Couture and colleagues are now busy replacing the mechanical links from the steering wheel to the tires with computer controls to make the independent-minded wheels easier to handle. Since the car’s batteries would need to be charged from an electrical outlet, Technologies M4, a subsidiary of public utility Hydro-Quebec, has an added financial incentive to see the product succeed. Electric cars were very popular at the beginning of the century, says Couture. We hope that the trend will repeat itself at the end of the century.

A Seat Belt for the Seat

Starcraft Automotive’s Integrated Belting System

Innovator: Grant Farrand

Watching TV sometimes pays off. Grant Farrand caught a segment on 60 Minutes a few years ago that highlighted car passengers’ vulnerability to injuries from rear-end collisions. In 1990 more than 1,100 people died and 1,600 sustained serious injuries because their seats collapsed backward when they were bumped from behind, according to the National Highway Traffic Safety Administration.

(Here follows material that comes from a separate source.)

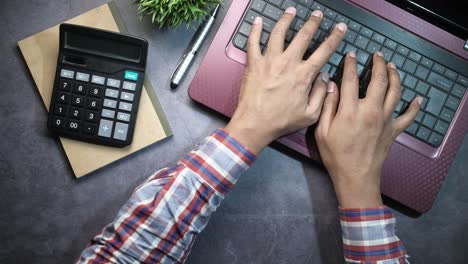 persona que trabaja en una computadora portátil con calculadora y portátil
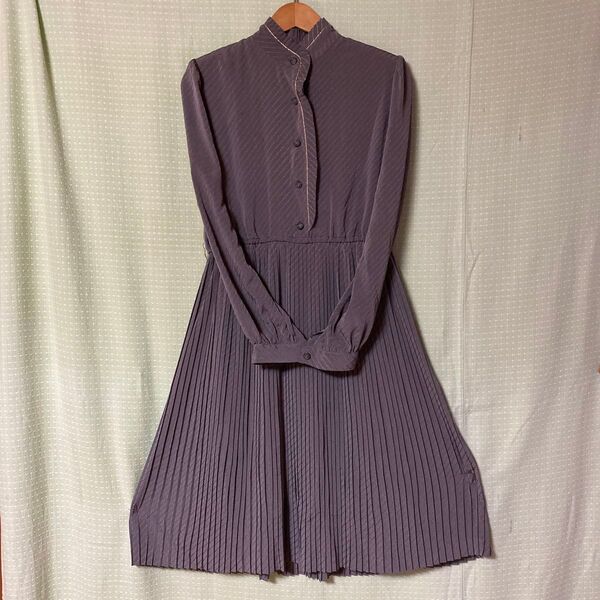 ワンピース 長袖 ロング シャツ 前開き ひざ下 サテン グレー ゴールド プリーツ 長袖ワンピース クラシカル 立襟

The issue wasn’t new to the 41-year-old vice president for safety compliance engineering at Starcraft Automotive in Goshen, Indiana. Farrand had already considered reinforcing seat backs with steel rods, a solution pioneered by Daimler Benz, but dismissed them as too heavy and costly. The television program, however, triggered a simpler idea: if a conventional seat belt and shoulder harness keep passengers from being thrown forward in a head-on collision, why not simply put another seat belt behind the seat that keeps them from getting thrown backward if the seat collapses?

The design was so simple, Farrand wondered why nobody had thought of it before. It’s a true seat belt, Farrand says. When a prototype survived independent testing, Starcraft applied for a patent. Farrand, who has since taken a job as vice president of General Testing Laboratory, estimates that it would cost less than $15 to include the belt in mass- produced cars, but so far auto manufacturers haven’t licensed the invention.